The Malaysian capital is becoming a centre for anti-City sentiment as deep as any corner of Old Trafford. The week in Kuala Lumpur began with Arsène Wenger launching an attack on what he called City's "financial doping". It ended with Ayre wondering how an airline and a club, both owned by members of the Abu Dhabi royal family, could not be a "related party", which, under financial fair play would prevent them doing business with each other.

Under Uefa's regulations, teams that incur aggregate losses of more than €45m (£39.5m) over three years face exclusion from European competition in 2014. Manchester City's annual losses last year ran to almost three times that. The "related party" clause of the agreement means that clubs like Manchester City and Chelsea, who are dependent on their benefactors, cannot get round the regulations by sponsoring themselves to wipe out the losses.

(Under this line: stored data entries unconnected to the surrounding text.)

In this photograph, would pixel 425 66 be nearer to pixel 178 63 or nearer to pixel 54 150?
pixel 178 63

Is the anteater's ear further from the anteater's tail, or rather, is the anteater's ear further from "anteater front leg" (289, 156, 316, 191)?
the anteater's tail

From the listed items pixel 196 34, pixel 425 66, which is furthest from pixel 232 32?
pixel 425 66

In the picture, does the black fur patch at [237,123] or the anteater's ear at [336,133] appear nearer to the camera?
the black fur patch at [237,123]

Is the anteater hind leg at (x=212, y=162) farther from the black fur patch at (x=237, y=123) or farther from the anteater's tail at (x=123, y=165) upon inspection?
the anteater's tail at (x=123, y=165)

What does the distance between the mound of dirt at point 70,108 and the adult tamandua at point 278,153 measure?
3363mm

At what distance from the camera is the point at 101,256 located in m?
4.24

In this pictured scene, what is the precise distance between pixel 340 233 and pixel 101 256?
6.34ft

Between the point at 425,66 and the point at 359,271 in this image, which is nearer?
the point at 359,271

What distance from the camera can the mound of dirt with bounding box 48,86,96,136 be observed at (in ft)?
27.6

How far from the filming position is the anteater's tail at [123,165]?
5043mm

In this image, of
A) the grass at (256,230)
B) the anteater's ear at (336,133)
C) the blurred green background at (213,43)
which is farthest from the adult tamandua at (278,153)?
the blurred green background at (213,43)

Etihad Airways, like Manchester City, are owned by the same Bin Zayed family who rule the emirate. "Is Etihad, Manchester City and Sheikh Mansour a related party?"asked Ayre. "If they are, then it's up to Uefa to rule on them. When I spoke at Soccerex earlier this year, I was on a panel about financial fair play. The guys from Uefa who are managing it said there would be a robust and proper process about related-party transactions."

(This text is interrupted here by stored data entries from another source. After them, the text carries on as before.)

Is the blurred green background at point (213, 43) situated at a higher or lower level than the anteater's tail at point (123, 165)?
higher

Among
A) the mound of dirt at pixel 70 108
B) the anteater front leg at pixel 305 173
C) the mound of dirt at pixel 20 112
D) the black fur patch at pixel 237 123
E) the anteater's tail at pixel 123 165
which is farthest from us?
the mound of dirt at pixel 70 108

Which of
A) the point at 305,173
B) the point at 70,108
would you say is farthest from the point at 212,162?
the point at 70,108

Ayre also doubted whether the 10-year agreement would pass Uefa's test of "fair value". Even though the deal includes redevelopment around the stadium, Ayre wondered how Etihad, which has never made a profit, could derive this much commercial value from naming a ground that even when it was officially known as the City of Manchester Stadium was generally called Eastlands.

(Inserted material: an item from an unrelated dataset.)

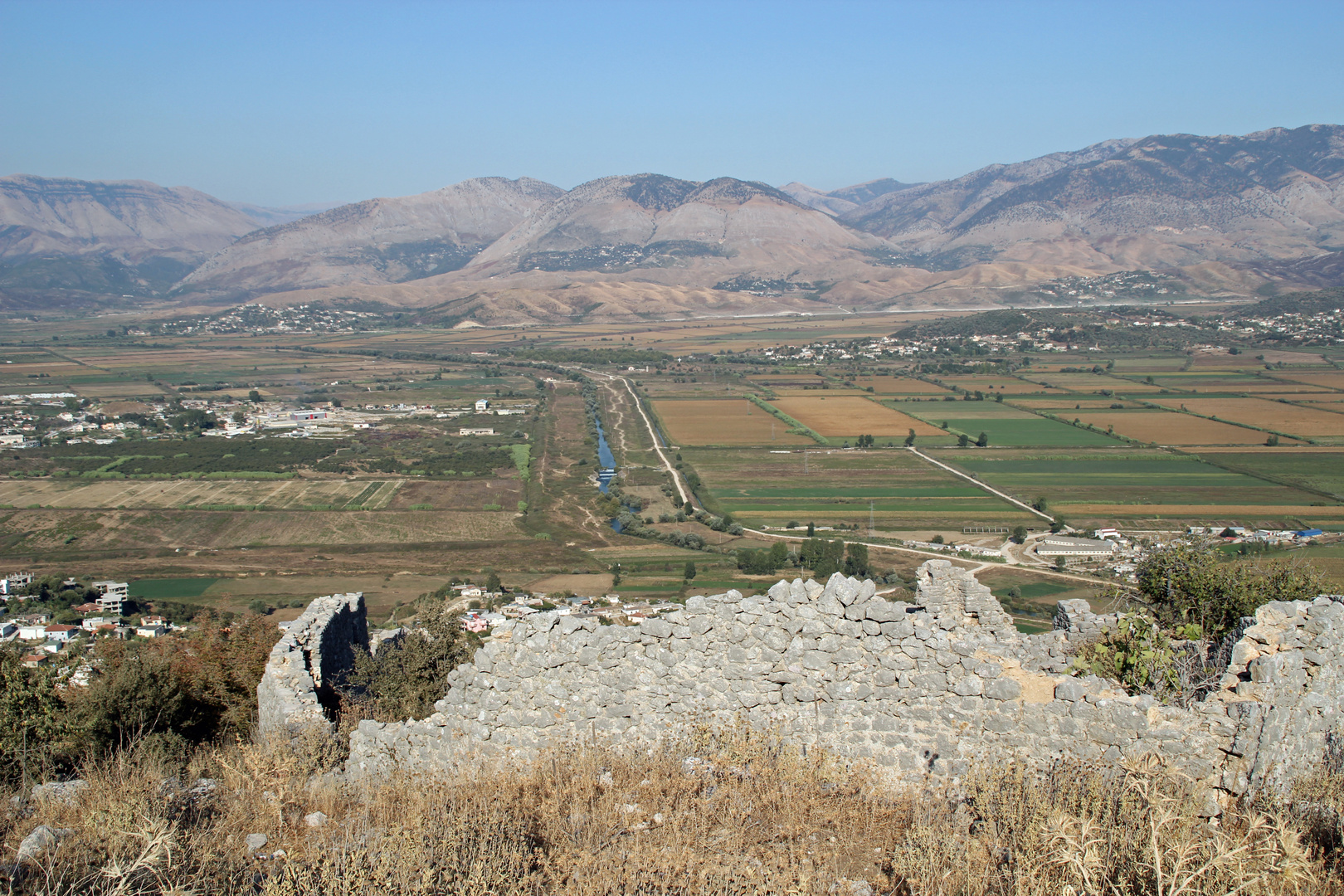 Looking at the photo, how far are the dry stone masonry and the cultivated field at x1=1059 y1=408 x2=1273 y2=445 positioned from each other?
67.4 meters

"It hasn't happened anywhere in Europe where a football club has renamed its existing stadium and it's had real value," he said. "It was called the City of Manchester Stadium or Eastlands for the last nine years and now it's going to be called something else – and someone has attached a huge amount of value to that. I find that odd because there is no benchmark in football that says you can rename your stadium and generate that amount of value."